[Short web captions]
┏━━

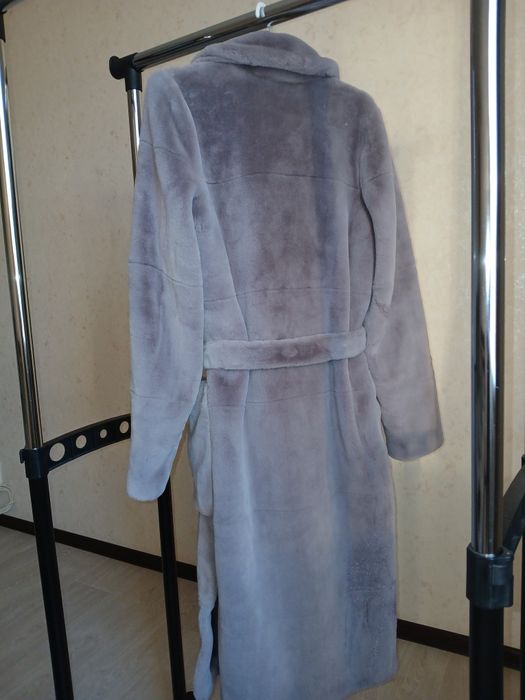 Пальто жіноче з еко-хутра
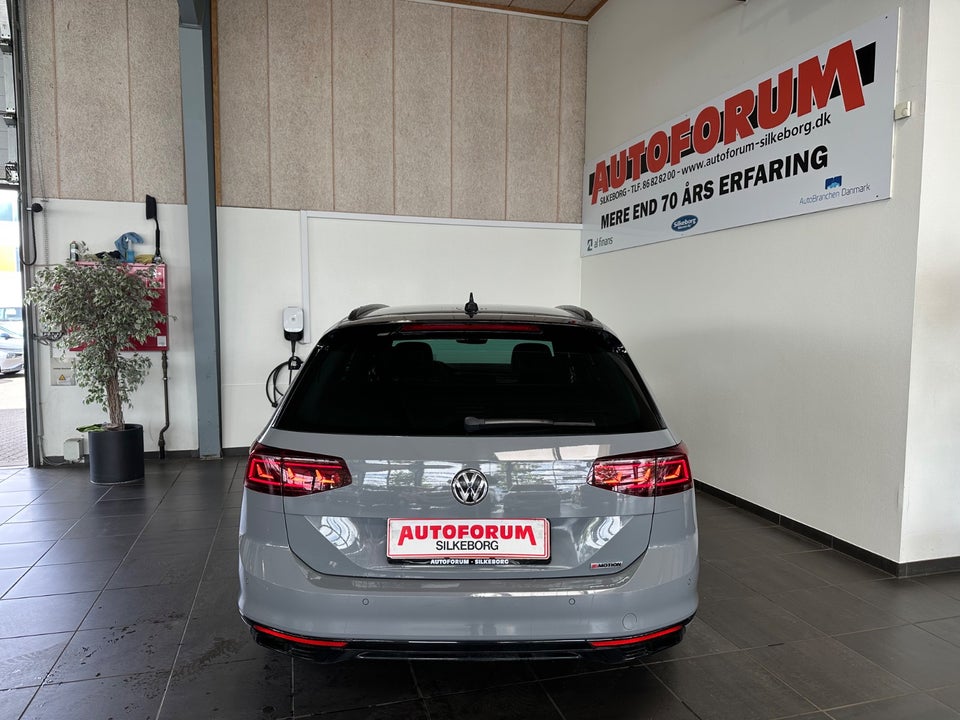 VW Passat 2,0 TSi 272 R-line Variant DSG 4Motion 5d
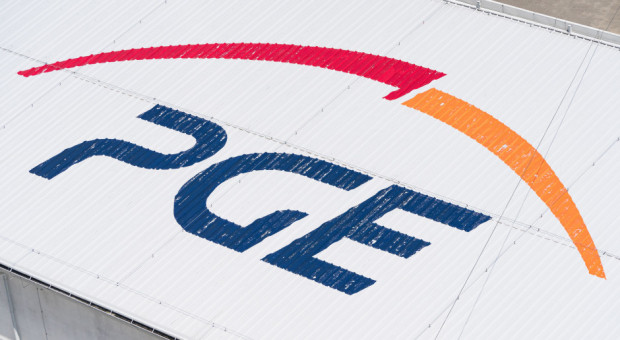 Grupa PGE od początku pandemii angażuje się w działania, których celem jest wsparcie walki z pandemią i jej skutkami (Fot. Cronislaw / Shutterstock) PGE pomaga osobom, które ucierpiały przez koronawirusa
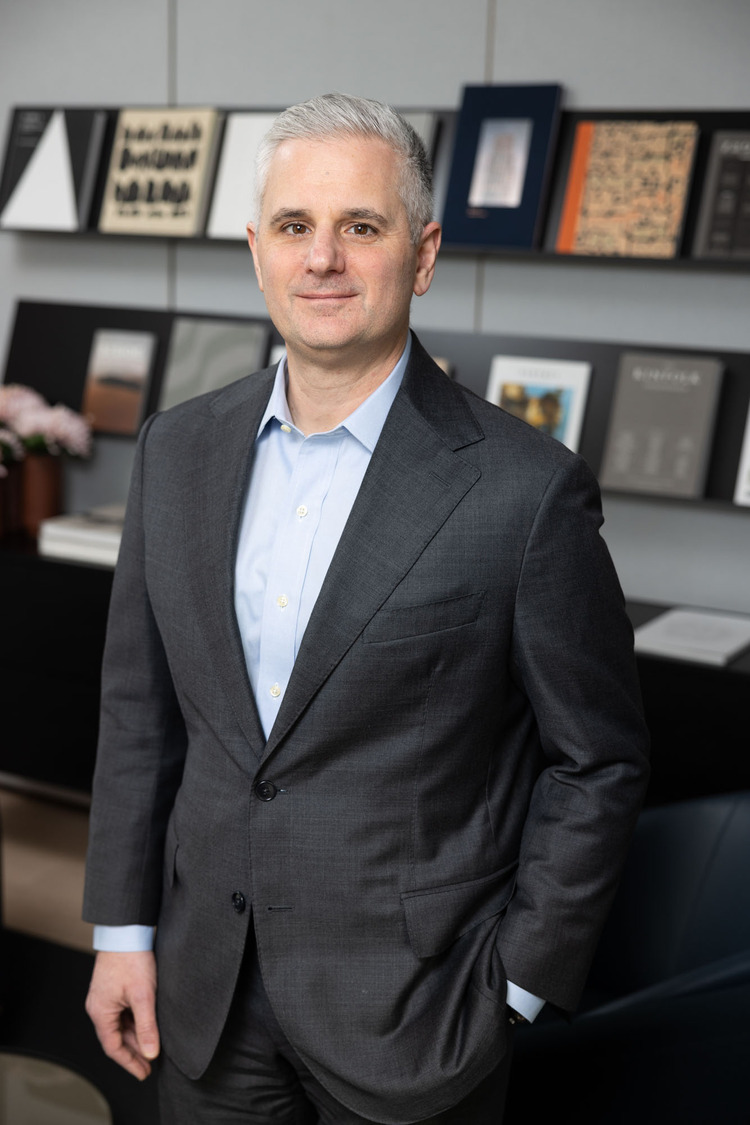 headshot of Greg Noorigian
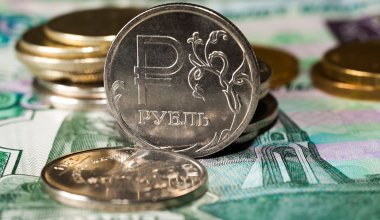 Рубльге сұраныс күрт төмендеді: қазақстандықтар Ресей валютасынан арылуға асықты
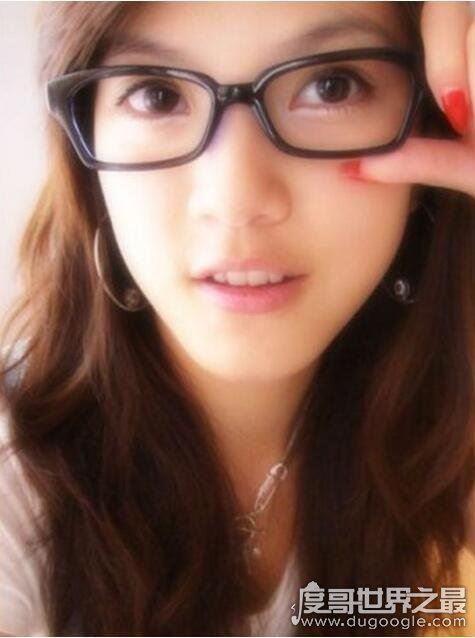 重庆一中校花何伊娜，因才貌双全而走红网络(组图)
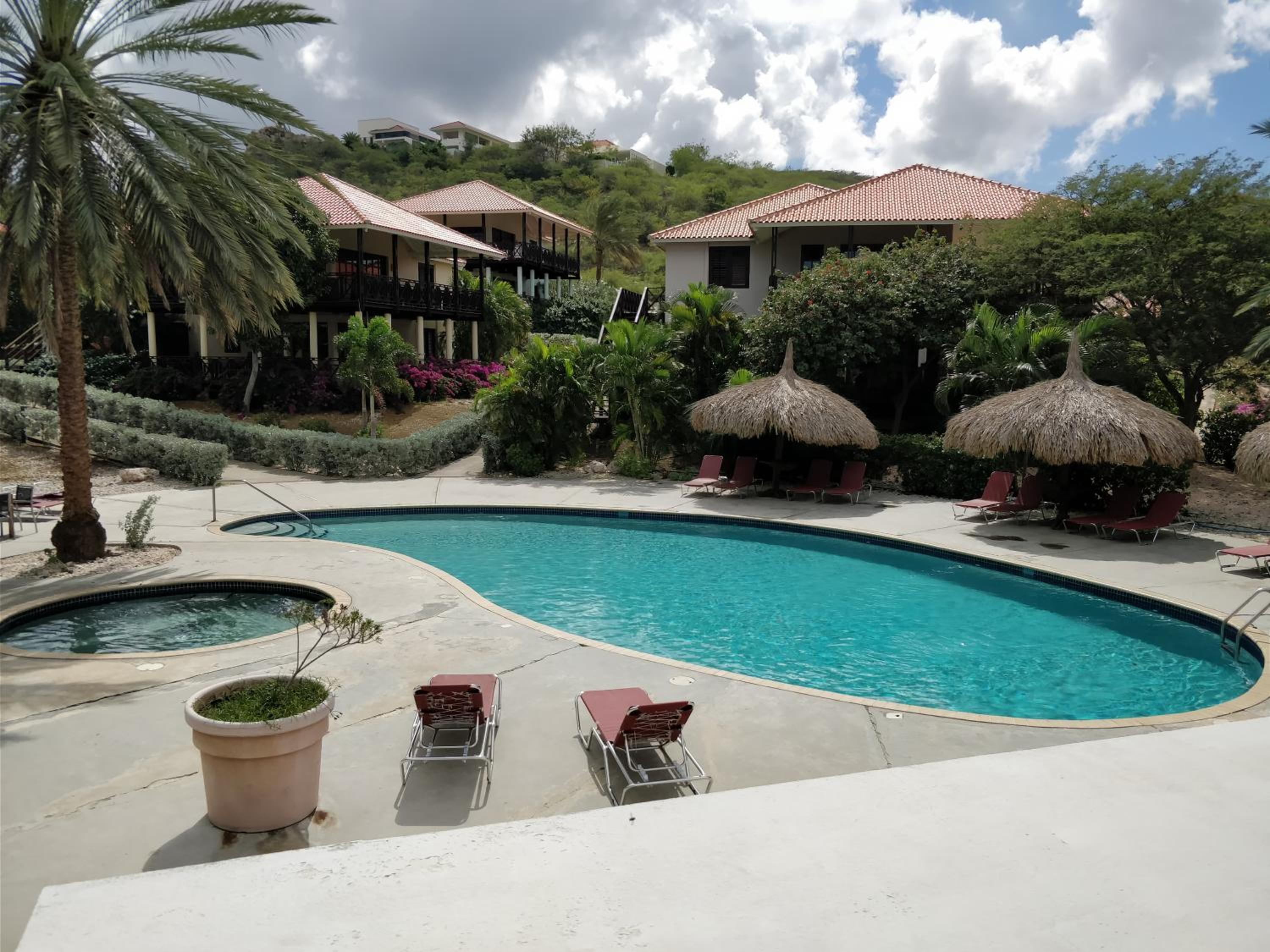 Blue Bay Beach Villa at Pool and Golfcourse view 3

┗━━

What you will do » Every line above is to be given again exactly, apart from the pictures.

Task response »
 Пальто жіноче з еко-хутра
 VW Passat 2,0 TSi 272 R-line Variant DSG 4Motion 5d
 Grupa PGE od początku pandemii angażuje się w działania, których celem jest wsparcie walki z pandemią i jej skutkami (Fot. Cronislaw / Shutterstock) PGE pomaga osobom, które ucierpiały przez koronawirusa
 headshot of Greg Noorigian
 Рубльге сұраныс күрт төмендеді: қазақстандықтар Ресей валютасынан арылуға асықты
 重庆一中校花何伊娜，因才貌双全而走红网络(组图)
 Blue Bay Beach Villa at Pool and Golfcourse view 3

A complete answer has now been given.